Studies show that for the same number of calories consumed, people eating processed foods are more likely to experience weight gain compared to those eating whole foods.
Here’s why this happens:
Thermic Effect of Food (TEF):
• Whole foods like lean proteins, fruits, and vegetables require more energy to digest, absorb, and metabolize.
• Processed foods are often pre-digested (e.g., refined carbs), meaning your body spends less energy breaking them down, storing more as fat.
• A study published in Food & Nutrition Research (2010) found that a meal of whole foods increased energy expenditure by 50% compared to a meal of processed foods of the same calorie count.

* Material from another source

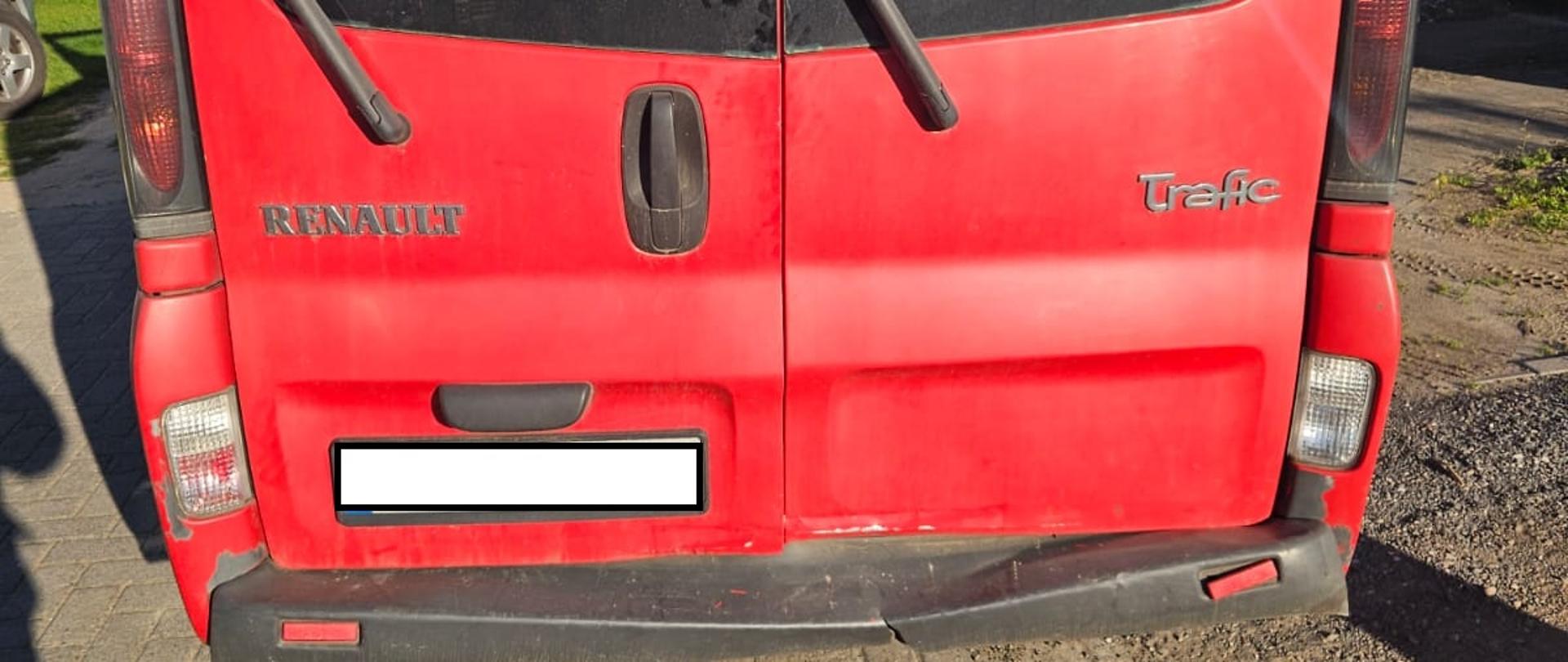 Zderzenie trzech samochodów na DW 270 w miejscowości Chojny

Satiety and Nutrient Density:
• Whole foods are richer in fiber, protein, and water, which keep you fuller longer.
• Processed foods are often calorie-dense but nutrient-poor, leading to overeating.
Blood Sugar Spikes:
• Processed foods often cause quick spikes and crashes in blood sugar, triggering hunger and cravings sooner than whole foods would.

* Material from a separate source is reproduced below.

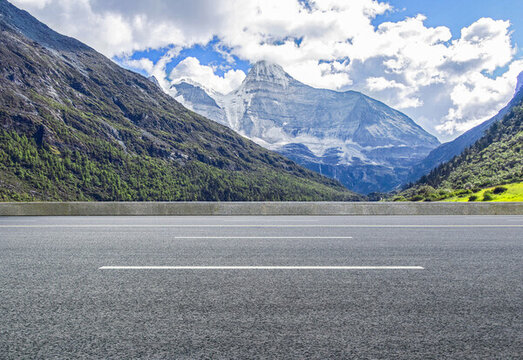 戶外干凈的瀝青道路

Learning to Cook Can Be Daunting, But Here’s How to Start:
Start Small: Focus on mastering 2–3 simple recipes you enjoy. Build confidence by perfecting these before moving on to more.

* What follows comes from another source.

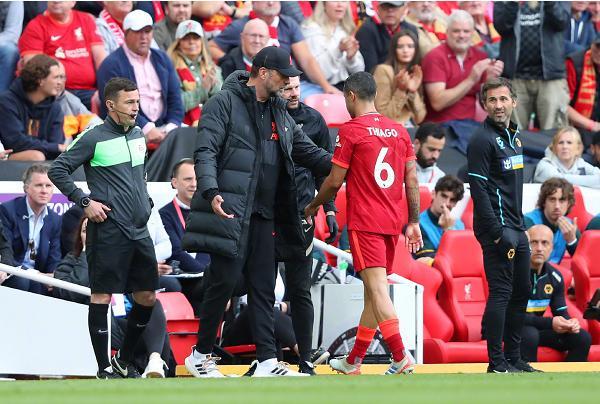 六台：皇马更衣室气氛紧张，阿隆索赛后没和队员有任何接触（六台：皇马更衣室剑拔弩张，阿隆索赛后未与球员交流）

Meal Prep Basics: Plan meals for the week, batch-cook staples like grilled chicken or roasted veggies, and keep your pantry stocked with essentials like spices, whole grains, and healthy fats.
Keep It Simple: Use minimal ingredients and techniques at first. For example, a stir-fry with fresh veggies, protein, and a simple sauce can be quick and nutritious.
Get Curious About Food:
To make better food choices, it’s important to read labels and understand nutritional information. Here’s how:
Start with Ingredients: The fewer the ingredients, the better. Avoid items with a long list of unrecognizable additives.
Watch for Hidden Sugar and Sodium: Processed foods often sneak in sugar under names like maltose or high-fructose corn syrup. Check for sodium content, especially in packaged meals.
Focus on Nutrient Density: Look for foods high in protein, fiber, and healthy fats while being lower in refined carbs.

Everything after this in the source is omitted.